While we don't expect the operating environment to change materially in the near future, we are confident that this long-term strategic roadmap will result in a sustainable improvement in our financial position as we continue to focus on the customer experience, streamline our business, capture operating efficiencies, and extract value from certain assets.
Meanwhile, every day, we serve more than 4.3 million guests across Latin America. McDonald's remains a preferred QSR restaurant and is a QSR brand with the highest top of mind in all of our markets. We are committed to ensuring our guests continue to receive the very highest level of service, which is a hallmark of the McDonald's system worldwide.
Our commitment to customers extends beyond the front of the restaurant. Our puertas abiertas, or open doors, program invites families to go into our kitchens and learn where their food comes from and discover how their favorite meals are prepared.
Over 0.5 million guests participated in Mexico alone in the last 12 months. And we recently launched the program throughout the Arcos Dorados system. We expect well over 1 million customers to visit our kitchens in 2015.
Our customer focus, together with our three-year plan, will drive long-term brand loyalty and reinforce our leadership in the QSR segment. Having first presented our three-year plan two months ago, we have laid the foundation for each of the components, which I will update you on momentarily.
But, first, let me provide you with an overview of our quarterly results, which continue to be impacted by a challenging consumer environment, inflationary pressures, and the depreciation of key currencies in our region.
Organic revenues grew 10.3% year over year on a 9.4% increase in system-wide comparable sales from the first three months of the year. Each of our divisions delivered adjusted EBITDA margin expansion in the quarter, driven primarily by efficiencies achieved at the restaurant level. However, our consolidated adjusted EBITDA margin was flat versus last year due in large part to some currency and timing-related expenses impacting the comparison with last year's corporate G&A.

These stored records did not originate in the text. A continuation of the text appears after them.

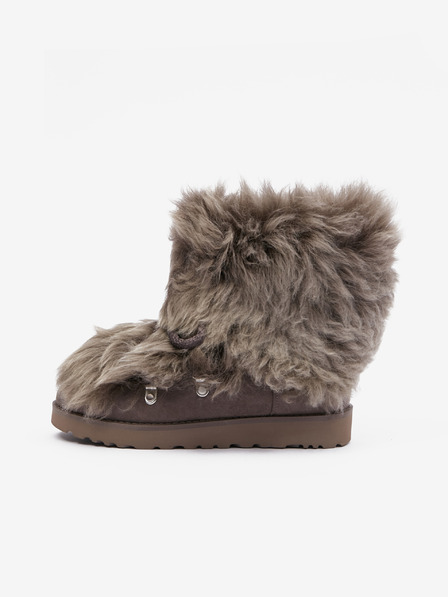 UGG Tmavě hnědé dámské semišové sněhule s ovčí vlnou UGG Classic Mini II
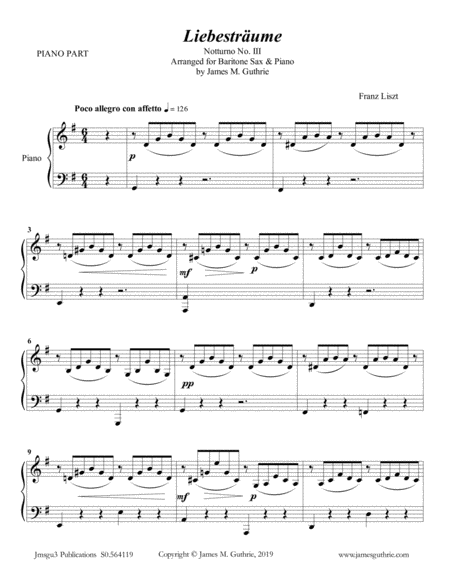 Liszt Liebestraume For Baritone Sax Piano Sheet Music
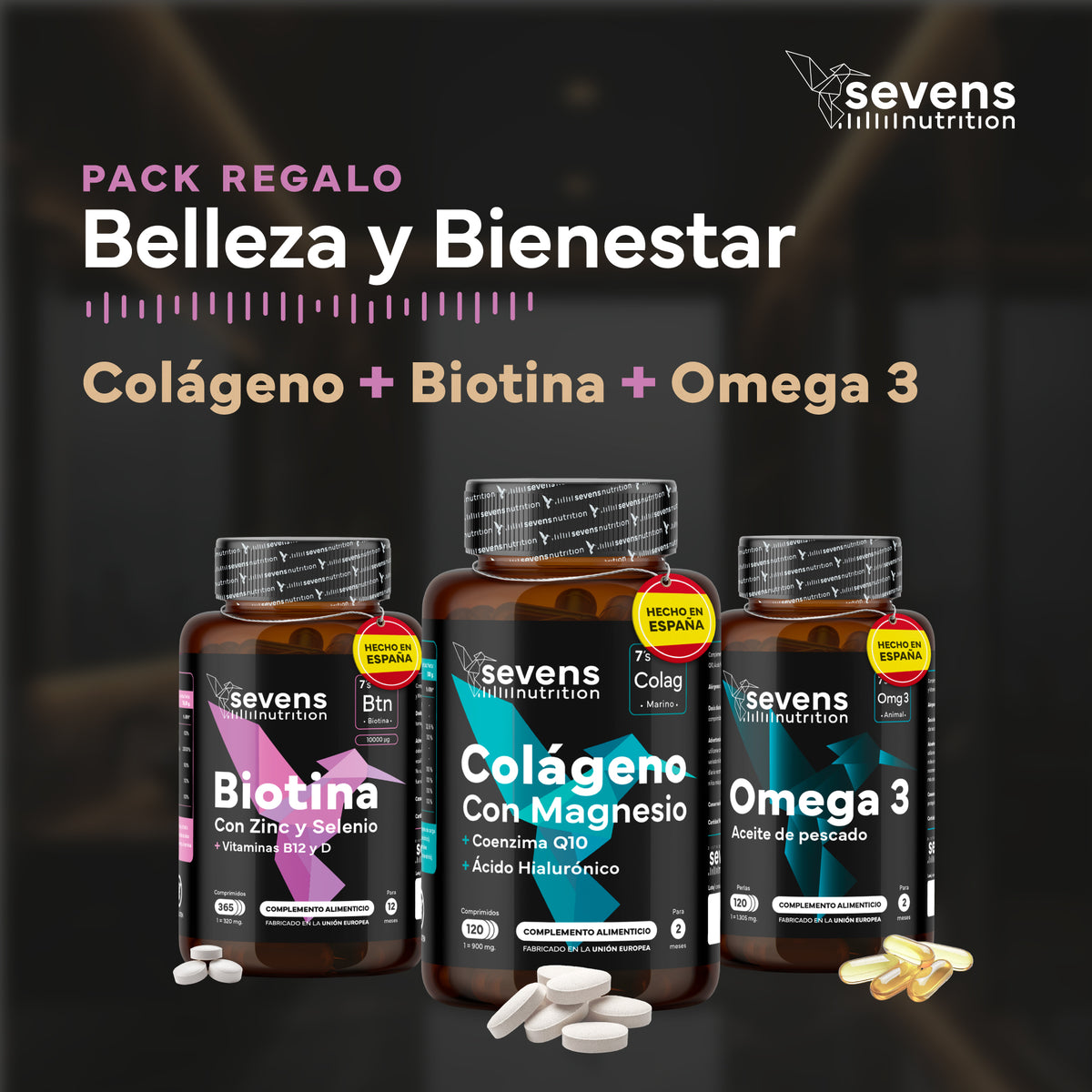 Pack Belleza: Incluye Biotina, Colágeno y Omega 3. Sevens Nutrition. Cabello, Piel Y Uñas_1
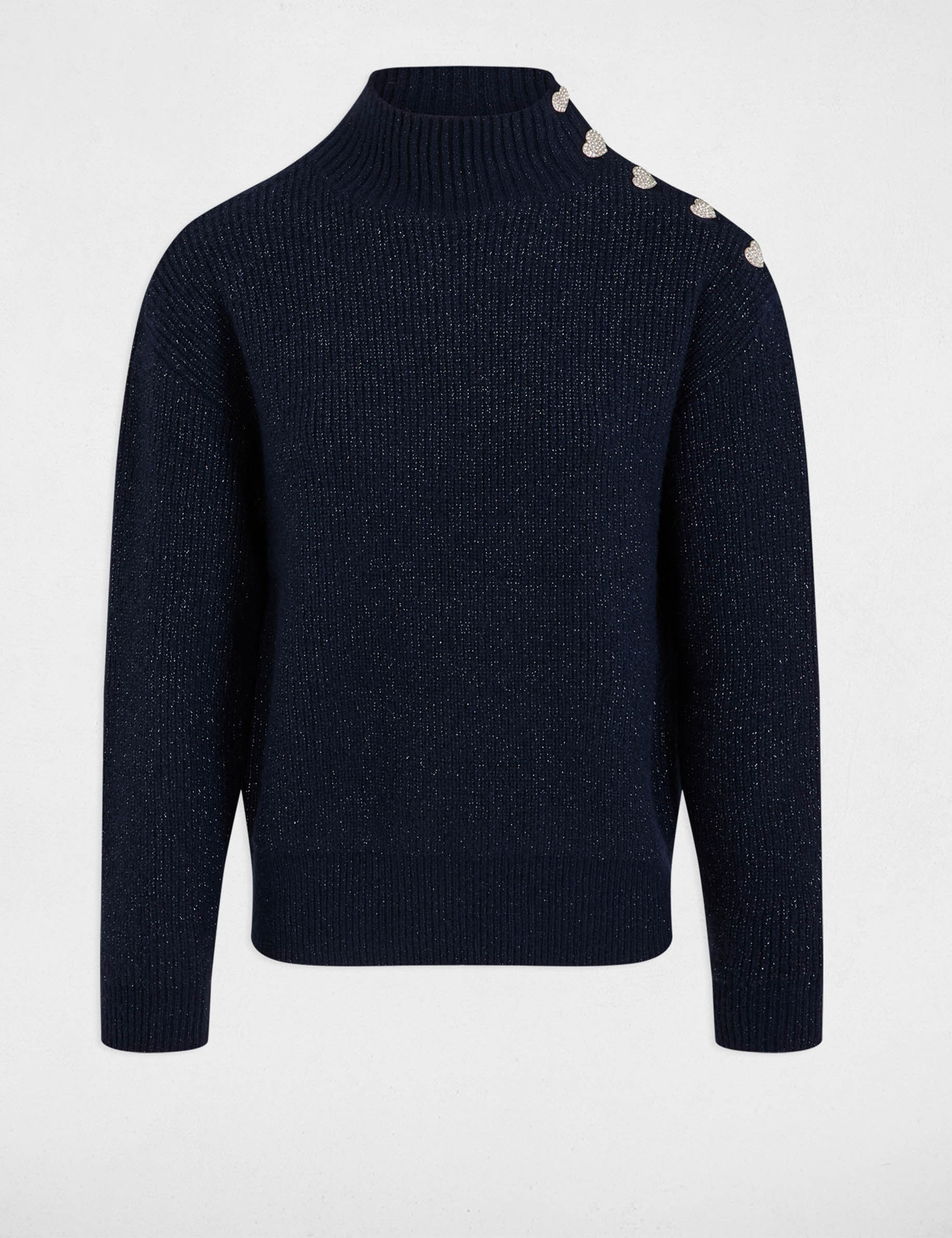 Long-sleeved jumper with buttons navy blue women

I would now like to discuss our first quarter results in the context of our long-term strategic plan, which includes concrete steps and initiatives to become leaner and more efficient. A key component is using technology to improve sales forecasts and labor scheduling in our restaurants. We expect to achieve at least 200 basis points of margin improvement at the store level over the next three years without impacting our excellent service levels.
As we mentioned last year -- last quarter, we began rolling out a new forecasting and scheduling technology in Brazil with significant potential for medium-term margin expansion. We expect it to be fully implemented in Brazil by year end and in Argentina by early 2016.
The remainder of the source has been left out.